▸ **DIRECTIONS FOR THIS TASK**
Word for word, restate the entries below from their first line through the line that contains "IPL Delhi Capitals".

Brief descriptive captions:
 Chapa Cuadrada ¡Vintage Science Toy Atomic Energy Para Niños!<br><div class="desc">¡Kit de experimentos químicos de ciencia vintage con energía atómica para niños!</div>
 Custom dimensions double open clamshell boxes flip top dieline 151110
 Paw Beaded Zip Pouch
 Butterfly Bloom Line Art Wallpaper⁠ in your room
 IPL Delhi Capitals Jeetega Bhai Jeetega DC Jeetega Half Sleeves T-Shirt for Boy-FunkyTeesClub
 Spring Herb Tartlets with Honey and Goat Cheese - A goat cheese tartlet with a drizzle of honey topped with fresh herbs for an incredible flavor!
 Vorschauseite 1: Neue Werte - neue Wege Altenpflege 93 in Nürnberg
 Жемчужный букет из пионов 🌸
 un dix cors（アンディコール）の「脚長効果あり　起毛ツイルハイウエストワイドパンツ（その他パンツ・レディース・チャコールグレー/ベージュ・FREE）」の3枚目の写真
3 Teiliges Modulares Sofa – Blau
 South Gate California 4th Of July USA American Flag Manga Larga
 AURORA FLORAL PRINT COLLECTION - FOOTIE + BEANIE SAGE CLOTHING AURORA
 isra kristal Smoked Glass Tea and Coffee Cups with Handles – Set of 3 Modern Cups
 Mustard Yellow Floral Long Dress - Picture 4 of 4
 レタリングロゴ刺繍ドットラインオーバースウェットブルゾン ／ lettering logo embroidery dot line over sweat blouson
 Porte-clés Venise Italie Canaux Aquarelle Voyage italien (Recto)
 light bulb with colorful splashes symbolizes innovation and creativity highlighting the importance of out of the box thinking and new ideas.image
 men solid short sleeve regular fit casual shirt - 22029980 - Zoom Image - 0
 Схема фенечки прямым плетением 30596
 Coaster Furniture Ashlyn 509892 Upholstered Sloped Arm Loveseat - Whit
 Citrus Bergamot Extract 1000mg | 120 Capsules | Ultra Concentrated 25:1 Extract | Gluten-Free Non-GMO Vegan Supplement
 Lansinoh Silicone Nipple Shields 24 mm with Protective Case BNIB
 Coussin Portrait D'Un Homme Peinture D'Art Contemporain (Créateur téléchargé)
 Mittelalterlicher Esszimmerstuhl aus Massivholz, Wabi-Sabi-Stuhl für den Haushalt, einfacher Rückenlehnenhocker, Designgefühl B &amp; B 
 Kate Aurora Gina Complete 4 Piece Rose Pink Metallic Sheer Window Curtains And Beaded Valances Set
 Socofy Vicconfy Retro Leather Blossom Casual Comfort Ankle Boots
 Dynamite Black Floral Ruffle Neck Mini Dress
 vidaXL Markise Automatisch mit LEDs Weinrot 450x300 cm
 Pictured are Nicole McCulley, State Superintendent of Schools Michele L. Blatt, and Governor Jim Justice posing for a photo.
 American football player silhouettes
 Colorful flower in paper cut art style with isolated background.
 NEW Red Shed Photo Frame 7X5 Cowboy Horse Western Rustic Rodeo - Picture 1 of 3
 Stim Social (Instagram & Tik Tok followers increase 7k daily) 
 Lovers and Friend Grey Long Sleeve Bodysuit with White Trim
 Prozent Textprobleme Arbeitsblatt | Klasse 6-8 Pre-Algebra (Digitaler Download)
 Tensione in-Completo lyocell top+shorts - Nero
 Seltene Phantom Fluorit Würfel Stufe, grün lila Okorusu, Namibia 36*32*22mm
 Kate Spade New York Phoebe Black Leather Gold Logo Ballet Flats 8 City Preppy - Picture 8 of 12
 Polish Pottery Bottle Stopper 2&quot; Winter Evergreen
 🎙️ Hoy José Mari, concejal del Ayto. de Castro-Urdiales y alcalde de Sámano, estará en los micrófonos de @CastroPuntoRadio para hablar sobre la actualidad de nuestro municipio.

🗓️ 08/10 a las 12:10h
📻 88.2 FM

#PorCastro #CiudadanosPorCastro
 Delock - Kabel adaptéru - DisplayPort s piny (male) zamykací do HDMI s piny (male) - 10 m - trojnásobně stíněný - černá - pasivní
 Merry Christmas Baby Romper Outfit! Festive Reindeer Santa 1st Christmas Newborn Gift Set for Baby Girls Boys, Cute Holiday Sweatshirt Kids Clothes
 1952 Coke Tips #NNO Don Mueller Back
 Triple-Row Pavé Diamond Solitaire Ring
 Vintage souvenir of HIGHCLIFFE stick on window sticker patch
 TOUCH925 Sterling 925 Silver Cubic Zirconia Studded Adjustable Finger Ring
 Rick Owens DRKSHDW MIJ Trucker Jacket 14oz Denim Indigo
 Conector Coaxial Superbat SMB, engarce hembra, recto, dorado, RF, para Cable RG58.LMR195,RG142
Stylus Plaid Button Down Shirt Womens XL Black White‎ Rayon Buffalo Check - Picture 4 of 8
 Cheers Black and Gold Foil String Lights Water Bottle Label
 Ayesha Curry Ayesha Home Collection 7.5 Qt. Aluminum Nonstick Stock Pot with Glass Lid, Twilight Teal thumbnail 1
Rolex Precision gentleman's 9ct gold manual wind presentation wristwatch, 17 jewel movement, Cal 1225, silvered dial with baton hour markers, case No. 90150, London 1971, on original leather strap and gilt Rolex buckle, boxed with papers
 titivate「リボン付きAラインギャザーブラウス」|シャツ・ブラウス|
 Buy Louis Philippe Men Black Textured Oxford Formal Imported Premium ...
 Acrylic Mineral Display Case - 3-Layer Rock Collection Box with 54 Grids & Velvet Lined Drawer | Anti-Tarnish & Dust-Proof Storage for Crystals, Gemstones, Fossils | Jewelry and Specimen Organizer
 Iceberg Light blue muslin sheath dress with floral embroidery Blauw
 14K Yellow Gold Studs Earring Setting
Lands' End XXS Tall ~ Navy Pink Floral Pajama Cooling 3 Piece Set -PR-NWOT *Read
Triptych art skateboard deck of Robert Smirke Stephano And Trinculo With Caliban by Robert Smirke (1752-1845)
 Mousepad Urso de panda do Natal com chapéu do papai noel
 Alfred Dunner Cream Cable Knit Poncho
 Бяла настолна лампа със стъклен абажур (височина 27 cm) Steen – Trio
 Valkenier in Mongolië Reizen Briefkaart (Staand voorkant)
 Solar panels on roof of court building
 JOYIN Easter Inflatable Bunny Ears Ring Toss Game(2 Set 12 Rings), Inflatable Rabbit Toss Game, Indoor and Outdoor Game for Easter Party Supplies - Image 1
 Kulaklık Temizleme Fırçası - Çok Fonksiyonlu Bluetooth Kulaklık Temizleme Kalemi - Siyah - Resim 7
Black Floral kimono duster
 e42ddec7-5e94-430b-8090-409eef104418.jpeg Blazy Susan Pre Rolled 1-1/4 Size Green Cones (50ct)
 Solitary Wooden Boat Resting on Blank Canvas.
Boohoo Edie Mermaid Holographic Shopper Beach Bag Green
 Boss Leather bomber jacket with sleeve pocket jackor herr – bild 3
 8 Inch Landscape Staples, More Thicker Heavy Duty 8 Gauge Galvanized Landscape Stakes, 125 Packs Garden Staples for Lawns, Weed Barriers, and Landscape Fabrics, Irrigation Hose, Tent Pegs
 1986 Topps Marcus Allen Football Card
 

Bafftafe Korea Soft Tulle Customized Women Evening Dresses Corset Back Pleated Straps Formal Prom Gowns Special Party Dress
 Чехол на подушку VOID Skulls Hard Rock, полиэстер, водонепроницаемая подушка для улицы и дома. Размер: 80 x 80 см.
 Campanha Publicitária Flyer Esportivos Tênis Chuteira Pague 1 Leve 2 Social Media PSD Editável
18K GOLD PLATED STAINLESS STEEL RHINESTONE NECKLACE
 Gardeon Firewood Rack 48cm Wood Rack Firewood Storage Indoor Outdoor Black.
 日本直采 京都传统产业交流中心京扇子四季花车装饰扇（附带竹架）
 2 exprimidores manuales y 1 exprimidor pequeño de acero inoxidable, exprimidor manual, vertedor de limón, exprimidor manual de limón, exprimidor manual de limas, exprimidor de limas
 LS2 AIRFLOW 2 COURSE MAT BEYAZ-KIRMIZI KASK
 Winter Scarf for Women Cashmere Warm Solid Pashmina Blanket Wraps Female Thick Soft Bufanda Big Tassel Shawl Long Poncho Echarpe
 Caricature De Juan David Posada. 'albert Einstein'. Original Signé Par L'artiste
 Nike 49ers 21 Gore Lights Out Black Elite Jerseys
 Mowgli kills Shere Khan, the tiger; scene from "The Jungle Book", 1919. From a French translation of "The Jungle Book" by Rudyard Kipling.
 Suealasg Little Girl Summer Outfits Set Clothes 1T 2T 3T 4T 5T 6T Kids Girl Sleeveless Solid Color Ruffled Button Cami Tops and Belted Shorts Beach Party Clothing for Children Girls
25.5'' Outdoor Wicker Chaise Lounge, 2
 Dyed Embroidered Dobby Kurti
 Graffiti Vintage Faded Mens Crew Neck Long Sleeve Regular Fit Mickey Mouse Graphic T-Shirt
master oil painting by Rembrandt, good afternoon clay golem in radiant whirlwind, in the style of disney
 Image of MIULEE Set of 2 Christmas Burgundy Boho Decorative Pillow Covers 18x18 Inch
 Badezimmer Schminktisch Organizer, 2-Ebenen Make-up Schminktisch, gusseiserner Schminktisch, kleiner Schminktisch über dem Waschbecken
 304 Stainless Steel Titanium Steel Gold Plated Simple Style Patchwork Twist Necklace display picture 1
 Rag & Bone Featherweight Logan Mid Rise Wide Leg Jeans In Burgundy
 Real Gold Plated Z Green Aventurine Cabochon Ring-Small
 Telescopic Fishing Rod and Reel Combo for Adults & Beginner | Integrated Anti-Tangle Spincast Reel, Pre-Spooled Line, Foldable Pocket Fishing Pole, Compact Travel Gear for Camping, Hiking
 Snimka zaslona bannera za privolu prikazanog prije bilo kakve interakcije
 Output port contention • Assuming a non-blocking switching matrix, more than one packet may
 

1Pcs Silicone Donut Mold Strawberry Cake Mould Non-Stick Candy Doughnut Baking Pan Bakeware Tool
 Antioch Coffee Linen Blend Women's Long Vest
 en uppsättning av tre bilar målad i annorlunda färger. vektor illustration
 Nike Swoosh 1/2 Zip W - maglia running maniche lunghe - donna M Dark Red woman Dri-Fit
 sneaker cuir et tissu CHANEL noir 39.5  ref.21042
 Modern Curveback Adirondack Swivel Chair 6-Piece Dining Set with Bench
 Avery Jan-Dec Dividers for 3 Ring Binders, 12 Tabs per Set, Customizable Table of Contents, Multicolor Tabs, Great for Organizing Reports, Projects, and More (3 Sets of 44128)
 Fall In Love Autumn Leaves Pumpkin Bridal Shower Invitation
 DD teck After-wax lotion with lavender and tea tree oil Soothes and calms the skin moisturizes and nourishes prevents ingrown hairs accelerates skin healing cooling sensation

▸ **FINISHED EXERCISE**
 Chapa Cuadrada ¡Vintage Science Toy Atomic Energy Para Niños!<br><div class="desc">¡Kit de experimentos químicos de ciencia vintage con energía atómica para niños!</div>
 Custom dimensions double open clamshell boxes flip top dieline 151110
 Paw Beaded Zip Pouch
 Butterfly Bloom Line Art Wallpaper⁠ in your room
 IPL Delhi Capitals Jeetega Bhai Jeetega DC Jeetega Half Sleeves T-Shirt for Boy-FunkyTeesClub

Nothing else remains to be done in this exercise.